* **ACTION ITEM**
The answer must consist solely of the lines below starting at the one containing "Wild And Alive" and ending at the one containing "см (9259-056) Искусственный", repeated exactly, with both ends included and all pictures omitted.

* **ENTRIES SHOWN**

━━━━━━━━━━━━━━━━━━━━━━━━━━━━━━

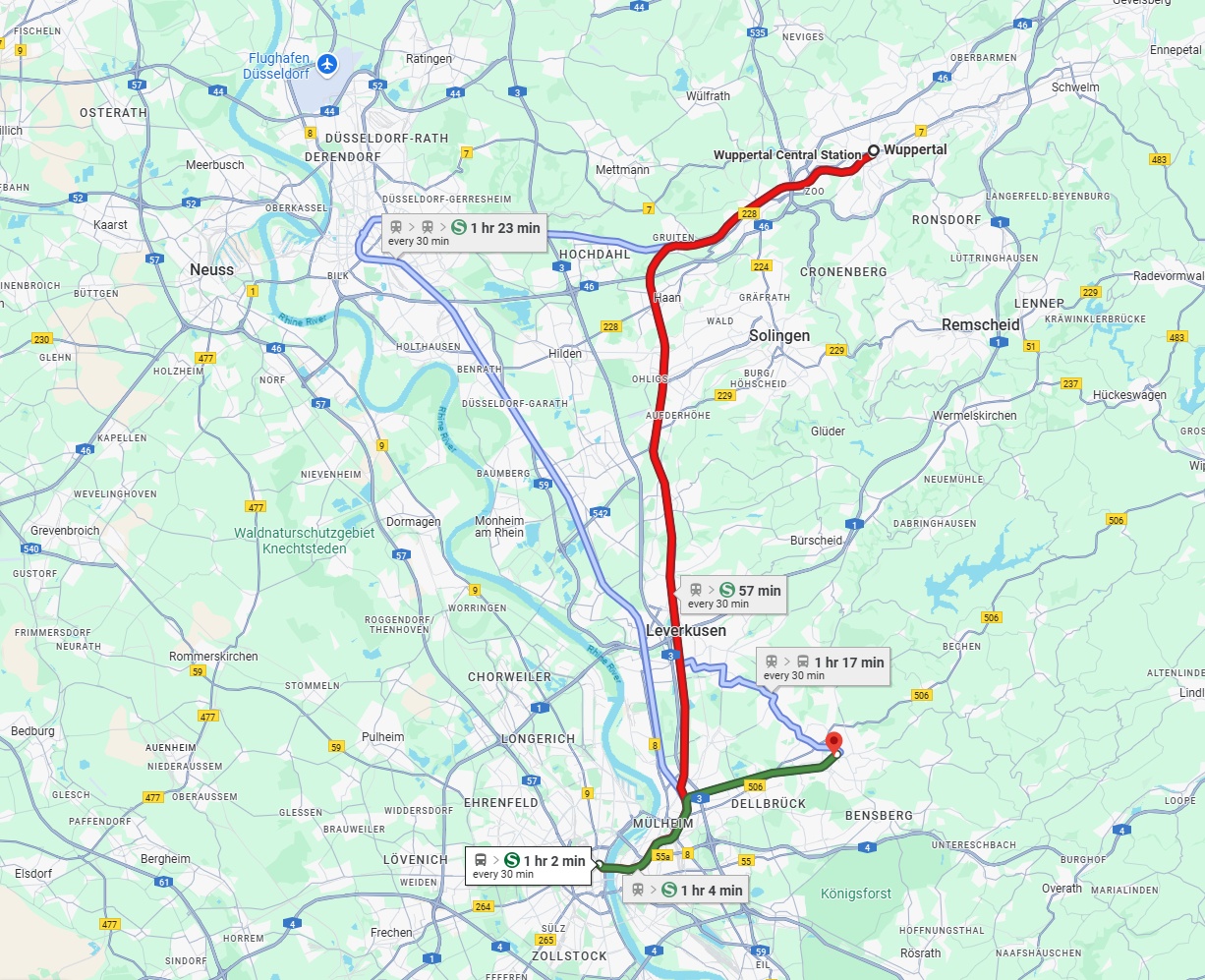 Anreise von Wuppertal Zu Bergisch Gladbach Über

━━━━━━━━━━━━━━━━━━━━━━━━━━━━━━

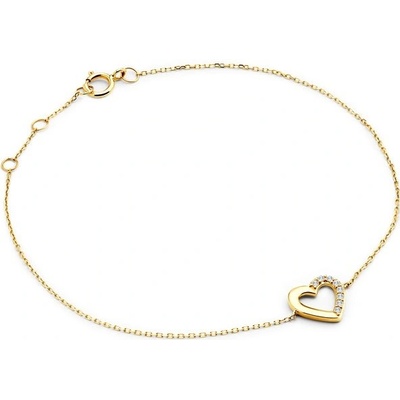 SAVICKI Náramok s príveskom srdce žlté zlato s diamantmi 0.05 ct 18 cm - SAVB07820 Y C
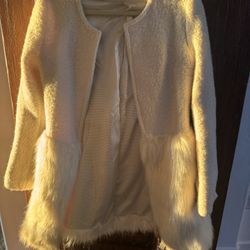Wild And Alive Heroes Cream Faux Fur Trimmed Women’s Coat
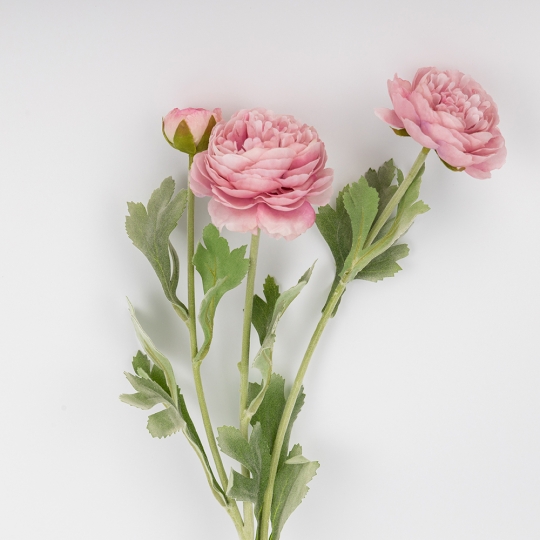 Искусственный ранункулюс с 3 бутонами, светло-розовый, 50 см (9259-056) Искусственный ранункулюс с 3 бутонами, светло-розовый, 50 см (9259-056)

━━━━━━━━━━━━━━━━━━━━━━━━━━━━━━

* **OUTPUT OF THE TASK**
Wild And Alive Heroes Cream Faux Fur Trimmed Women’s Coat
 Искусственный ранункулюс с 3 бутонами, светло-розовый, 50 см (9259-056) Искусственный ранункулюс с 3 бутонами, светло-розовый, 50 см (9259-056)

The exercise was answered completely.